No line of toy dinosaurs would be complete without a Triceratops and that’s a fact that has remained true since the beginning of dinosaur toy production with Marx in the 1950’s. Sure, many other elaborately horned dinosaurs have come onto the scene over the subsequent years but Triceratops is a classic and like Tyrannosaurus can never be dethroned. That it lived alongside T. rex and was among the largest and last of the ceratopsians only works in its favor.
The Marx Triceratops is part of the small mold group, PL-755 from 1955. Marx toys don’t conform to any set scale and the fact that this Triceratops is not much larger than the Cynognathus (which only reached 4’ in life) is a clear indication of this. The Marx Triceratops only measures 3.5” long and so does not scale as well as it should with the Marx T. rex. Like the previously reviewed Plateosaurus this dinosaur appears to be based on Rudolf Zallinger’s Age of Reptiles mural at the Yale Peabody Museum.
Like the Triceratops in Zallinger’s mural this toy has a low-slung head, splayed forelimbs, and erect hindlimbs that give it a hunch-backed appearance. It makes for a really uncomfortable and awkward looking animal that is reminiscent of a chameleon. Perhaps there’s something to this as the three-horned Jackson’s chameleon is superficially similar to Triceratops and often compared to it. Later reconstructions of Triceratops would straighten all of the limbs, like a rhinoceros, and this posture is reflected in the 1961 Marx Styracosaurus. Of course more modern reconstructions have the limbs splayed out again, though not as extreme as they used to be.
My daughter has a few old Marx knock-offs and having those in hand had for a long time put me off to Marx toys as something I should collect. I figured that they probably looked much the same and the knockoffs never impressed me. That was a mistake however, as the knockoffs are of a much more inferior quality by every conceivable metric. Having them both side-by-side now, the difference is significant.
The head sculpt on this Triceratops brings a lot of personality to an otherwise average toy. Actually, the frowning mouth, puffy cheeks, and rings around the eyes kind of remind me of some fancy goldfish varieties. This gives the toy an adorable yet confused and perhaps dim-witted appearance. The genus name is written on the left side of the tail and a length of 20’ is written on the right.
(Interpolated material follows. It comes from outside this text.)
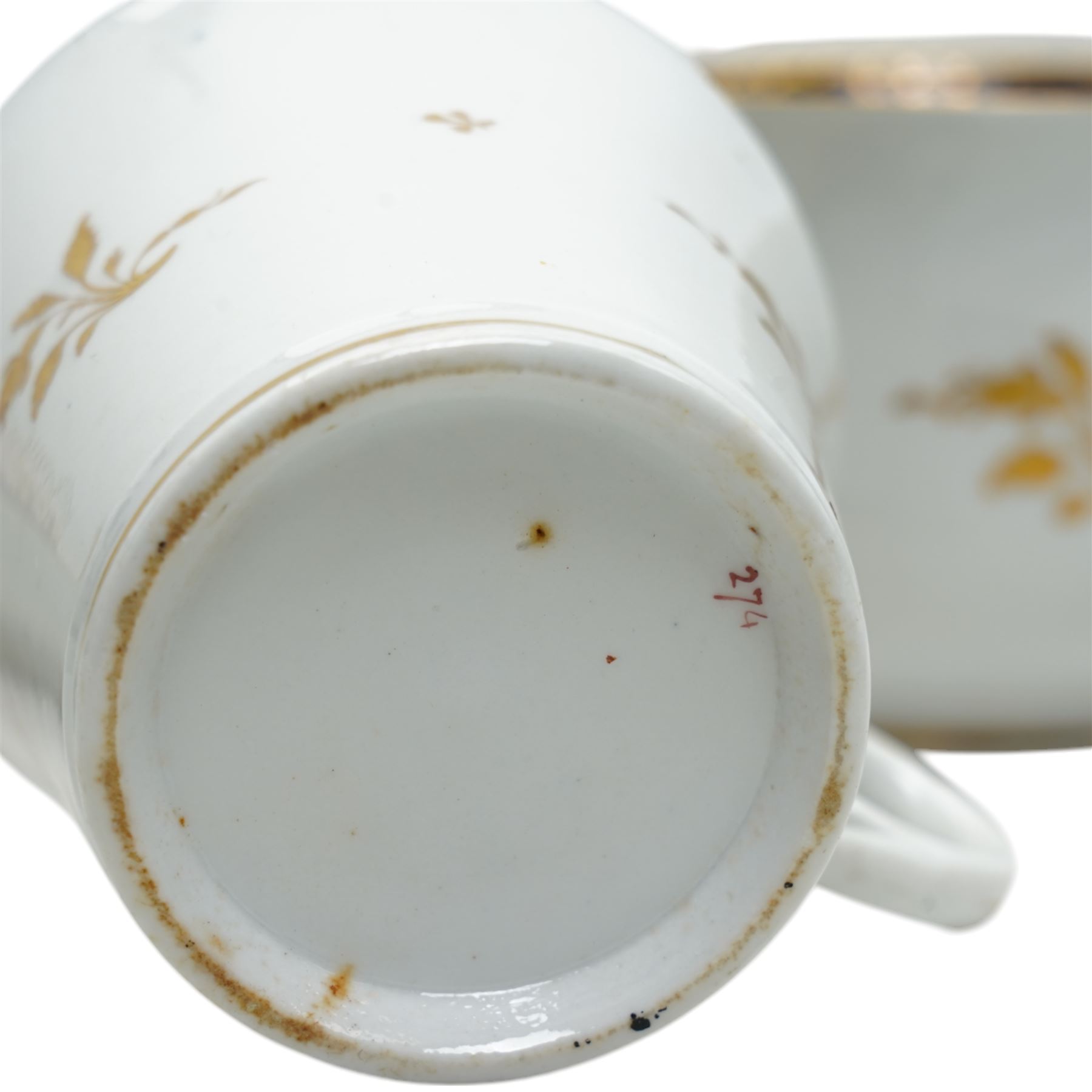  19th century Coalport Felt Spar porcelain cup and saucer painted with panels of flowers on a green and gilt ground and marked I Rose & Co and an early 19th century Worcester trio decorated in blue and gilt, Pattern No.274 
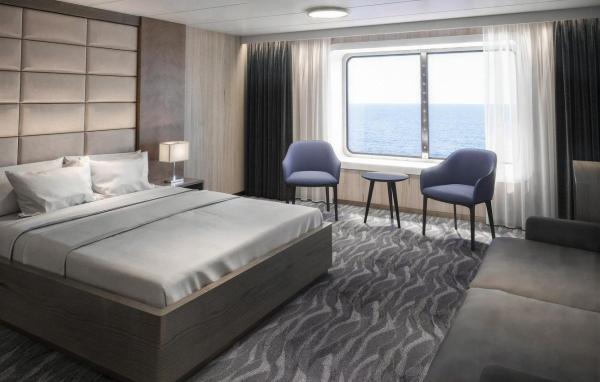 Deluxe cabin with a queen bed, upholstered headboard, two lounge chairs by a large window, and a sofa with ocean views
Marx only made two ceratopsians, this one and the Styracosaurus. It’s a shame that we never got a Monoclonius from them too. Before I set out to review these toys it never really dawned on me just how much inspiration these toys took from the science and art of their time. It’s fun to have these tiny three dimensional representations of the paleoart by such influencers as Burian, Knight, and Zallinger, and at this point I’ve now definitely caught the Marx collecting bug. The Marx Triceratops can be found on eBay for about $10-15 USD. As usual, Marx toys are cheaper in lots.